Start of Exercise data

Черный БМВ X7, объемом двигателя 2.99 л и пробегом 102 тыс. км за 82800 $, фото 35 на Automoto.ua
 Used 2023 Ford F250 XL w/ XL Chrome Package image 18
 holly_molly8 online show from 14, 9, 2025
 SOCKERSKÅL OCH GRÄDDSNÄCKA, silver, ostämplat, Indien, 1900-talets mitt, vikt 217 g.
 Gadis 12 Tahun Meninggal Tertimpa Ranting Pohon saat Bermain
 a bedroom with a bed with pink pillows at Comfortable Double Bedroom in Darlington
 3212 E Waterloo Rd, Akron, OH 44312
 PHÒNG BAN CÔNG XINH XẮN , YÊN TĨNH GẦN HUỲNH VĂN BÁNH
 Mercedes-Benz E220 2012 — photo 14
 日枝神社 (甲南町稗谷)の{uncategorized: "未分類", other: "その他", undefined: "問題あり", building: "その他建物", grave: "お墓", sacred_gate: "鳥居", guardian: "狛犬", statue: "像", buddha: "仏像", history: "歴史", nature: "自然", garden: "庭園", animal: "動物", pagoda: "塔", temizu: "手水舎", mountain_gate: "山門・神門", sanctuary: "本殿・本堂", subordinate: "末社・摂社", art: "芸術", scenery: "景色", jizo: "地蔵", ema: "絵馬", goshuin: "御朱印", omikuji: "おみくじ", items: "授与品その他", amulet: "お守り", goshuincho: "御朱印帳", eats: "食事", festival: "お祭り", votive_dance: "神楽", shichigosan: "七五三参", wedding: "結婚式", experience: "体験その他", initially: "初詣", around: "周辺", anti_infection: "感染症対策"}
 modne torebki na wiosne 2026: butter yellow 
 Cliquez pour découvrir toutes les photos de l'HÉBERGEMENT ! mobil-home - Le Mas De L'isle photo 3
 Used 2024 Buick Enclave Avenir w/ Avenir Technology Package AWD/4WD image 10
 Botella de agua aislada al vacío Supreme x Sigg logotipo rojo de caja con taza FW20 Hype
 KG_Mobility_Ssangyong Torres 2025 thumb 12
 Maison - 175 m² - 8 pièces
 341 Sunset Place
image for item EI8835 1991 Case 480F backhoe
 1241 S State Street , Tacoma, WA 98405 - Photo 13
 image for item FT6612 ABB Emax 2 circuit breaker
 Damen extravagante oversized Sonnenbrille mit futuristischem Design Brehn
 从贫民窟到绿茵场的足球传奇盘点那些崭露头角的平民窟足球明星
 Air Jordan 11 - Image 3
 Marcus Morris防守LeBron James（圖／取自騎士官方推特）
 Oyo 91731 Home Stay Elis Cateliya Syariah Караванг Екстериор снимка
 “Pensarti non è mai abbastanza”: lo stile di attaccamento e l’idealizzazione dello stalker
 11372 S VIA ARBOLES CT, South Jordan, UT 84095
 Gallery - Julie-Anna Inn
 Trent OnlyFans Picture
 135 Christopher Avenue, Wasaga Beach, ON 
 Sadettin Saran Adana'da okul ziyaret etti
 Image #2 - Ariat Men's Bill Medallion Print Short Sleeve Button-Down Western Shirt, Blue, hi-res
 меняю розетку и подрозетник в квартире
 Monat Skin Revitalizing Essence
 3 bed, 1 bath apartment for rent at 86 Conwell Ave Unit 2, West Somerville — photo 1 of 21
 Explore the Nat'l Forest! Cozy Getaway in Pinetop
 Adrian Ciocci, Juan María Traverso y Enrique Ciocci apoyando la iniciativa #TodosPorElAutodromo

End of Exercise data

Task item: Reproduce exactly the lines from the one with "меняю розетку и подрозетник в квартире" through the last line of the entries, keeping both of those lines and nothing else.

Response:
 меняю розетку и подрозетник в квартире
 Monat Skin Revitalizing Essence
 3 bed, 1 bath apartment for rent at 86 Conwell Ave Unit 2, West Somerville — photo 1 of 21
 Explore the Nat'l Forest! Cozy Getaway in Pinetop
 Adrian Ciocci, Juan María Traverso y Enrique Ciocci apoyando la iniciativa #TodosPorElAutodromo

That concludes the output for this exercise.